Source material: Begin

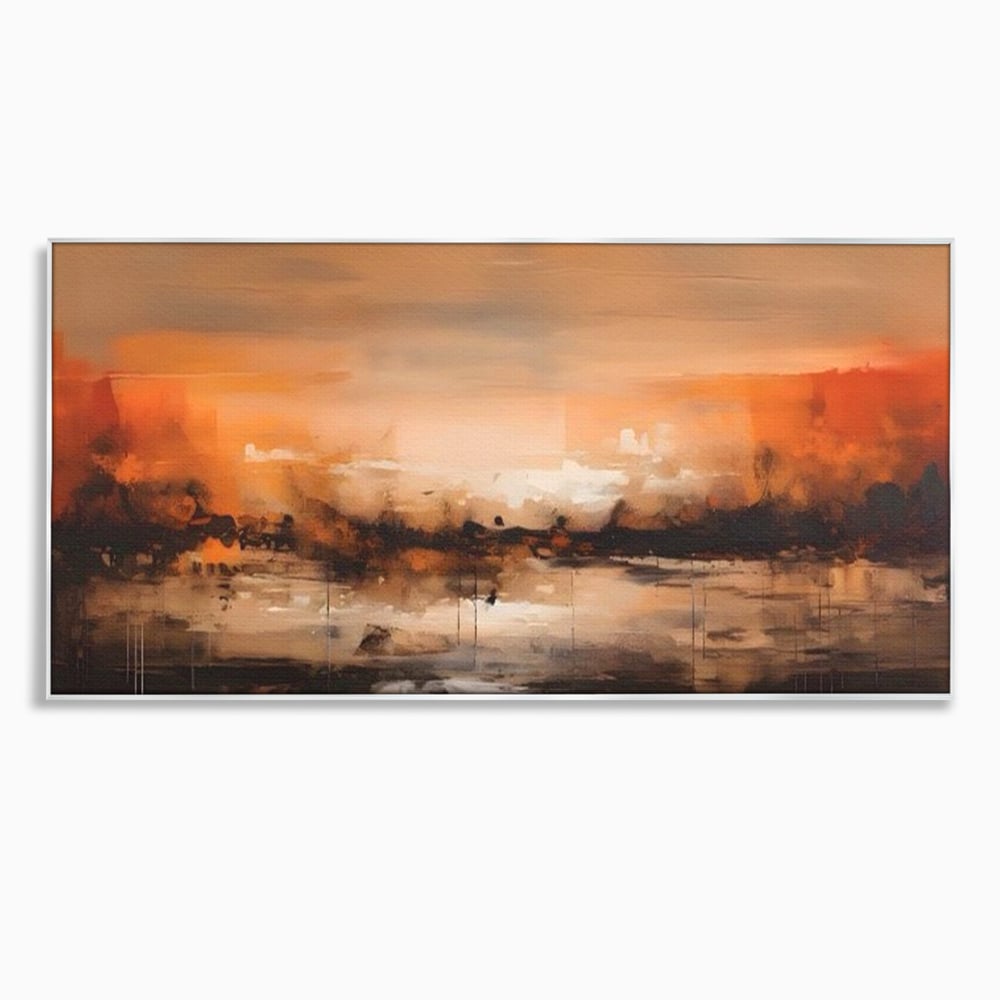 Tablou canvas cu peisaj abstract orizontal in nuante de aramiu, in rama de aluminiu argintiu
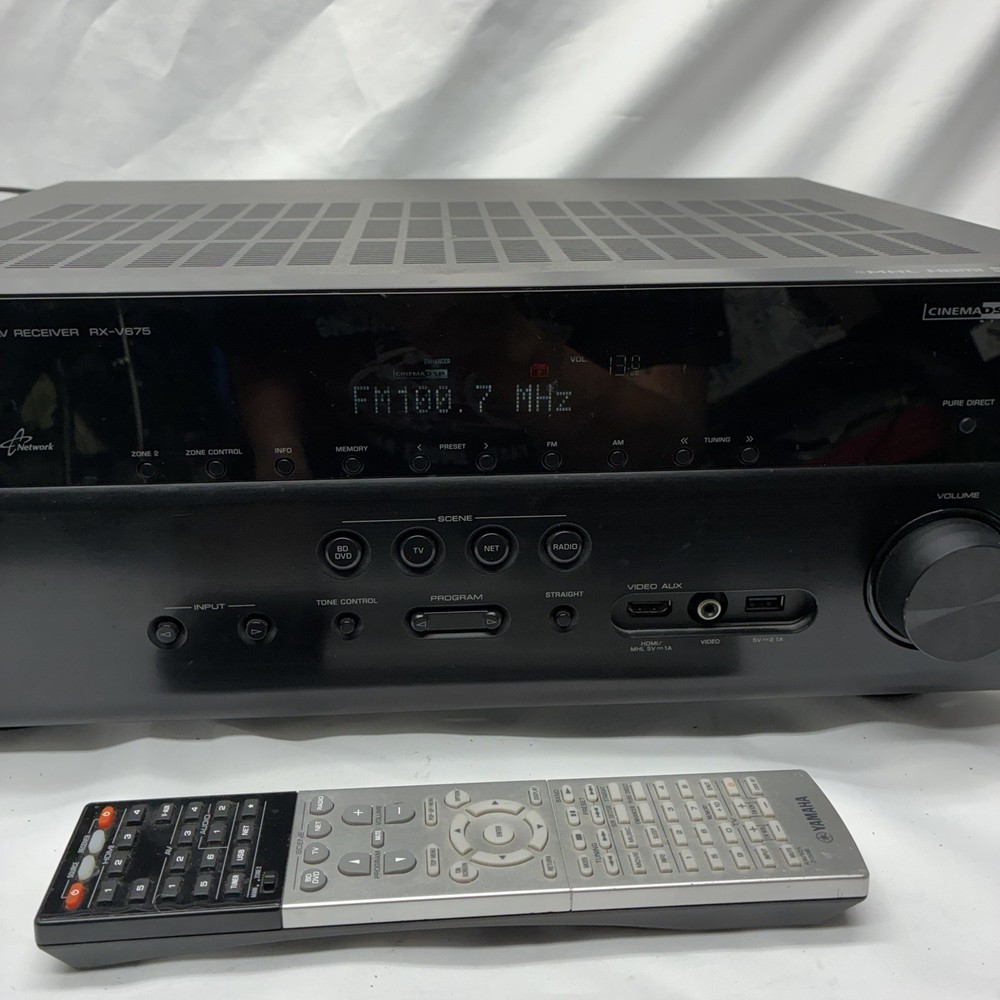 Yamaha RX-V675 AV Receiver 7.2 Channels Multi Zone - With Remote Bundle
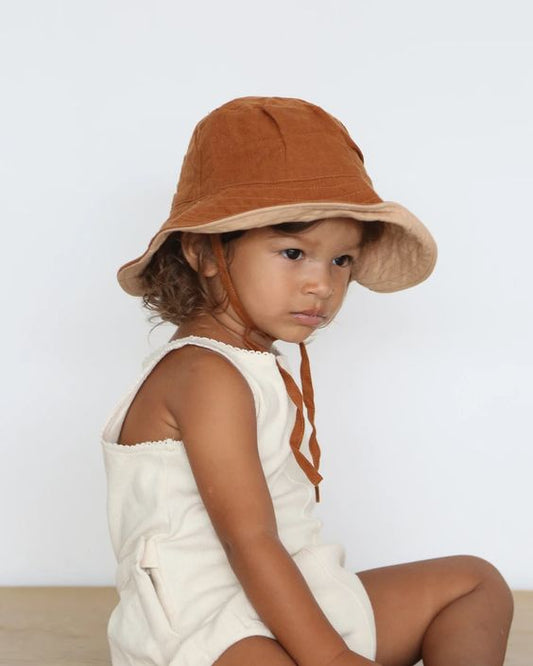 Baby Sun Hat with Ties in Tobacco and Biscuit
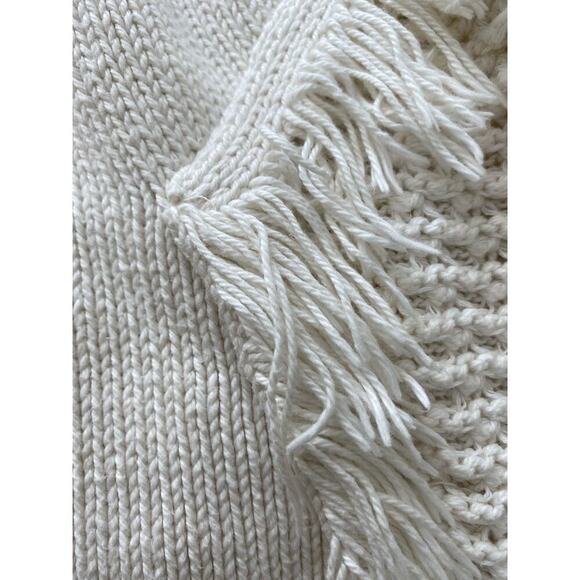 Anthropologie Size S Cream Cotton Silk Blend Fringed Sweater Vest - Picture 8 of 8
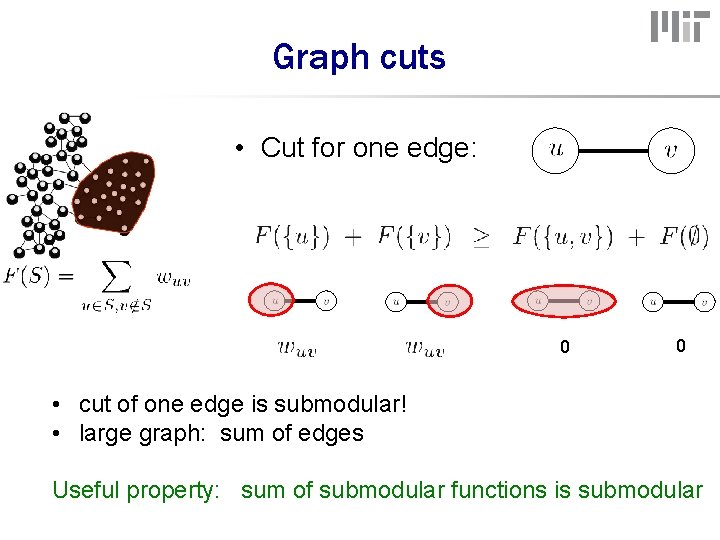 Graph cuts • Cut for one edge: 0 0 • cut of one edge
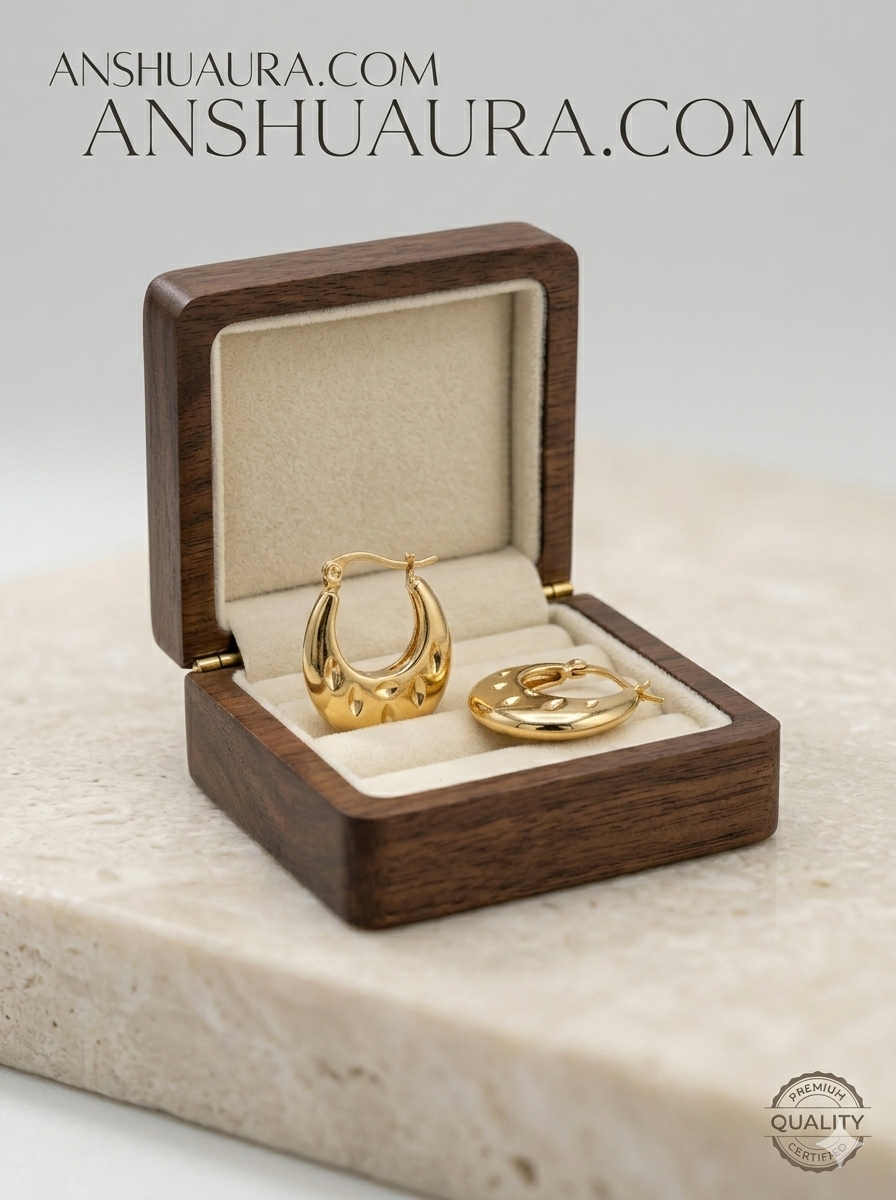Anshuaura 18K Gold-Plated Crescent Hoop Earrings with Diamond-Cut Texture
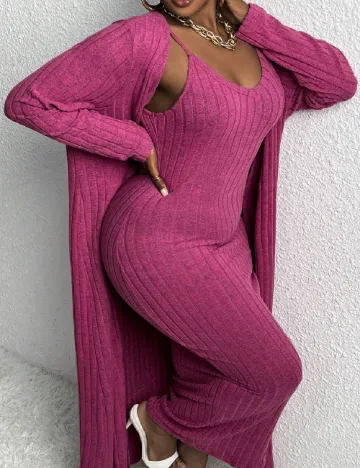 Compleu SHEIN CURVE, magenta Roz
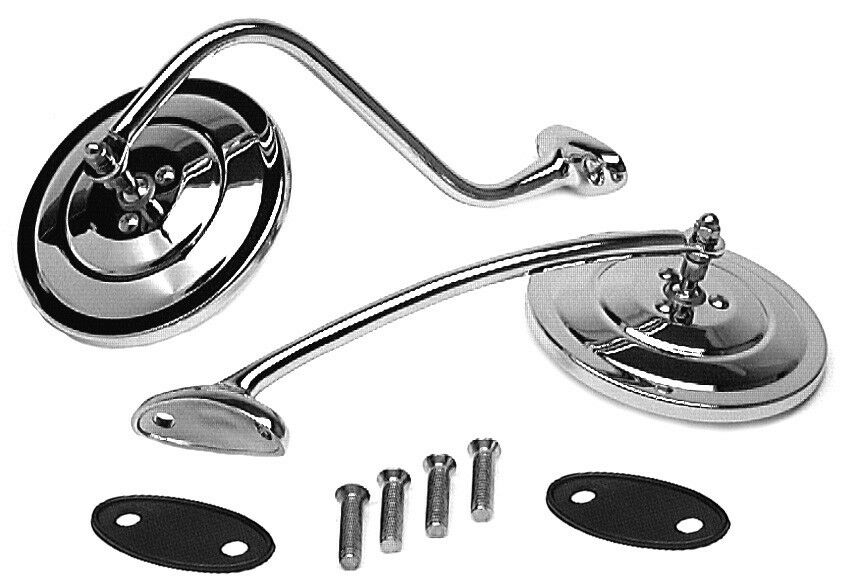 Set de Par 2 Espejos de puertas Exteriores De 5 Pulgadas Diam. con Soportes Y Espejo Retrovisor Interior Chevy Pick Up 1947-1955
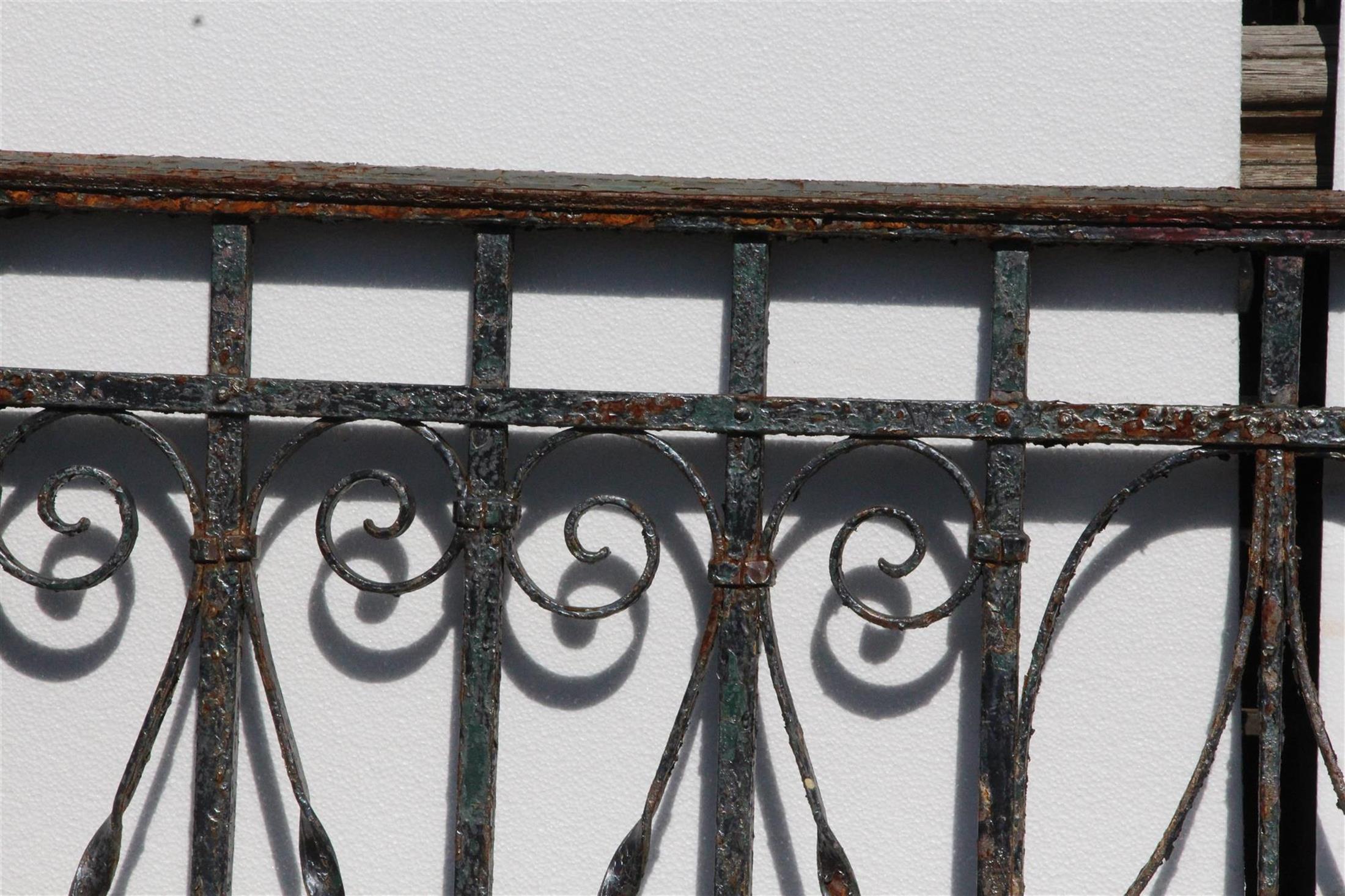 Decorative piece of wrought iron railing with detailed turns and curls from the 1890s. This can be seen at our 400 Gilligan St location in Scranton, PA.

Source material: End

§ **Work instruction**: Here the lines from the one with "Set de Par 2" through the last line of the data above need to be repeated exactly, both included, and any picture omitted.

§ **Exercise response**:
 Set de Par 2 Espejos de puertas Exteriores De 5 Pulgadas Diam. con Soportes Y Espejo Retrovisor Interior Chevy Pick Up 1947-1955
 Decorative piece of wrought iron railing with detailed turns and curls from the 1890s. This can be seen at our 400 Gilligan St location in Scranton, PA.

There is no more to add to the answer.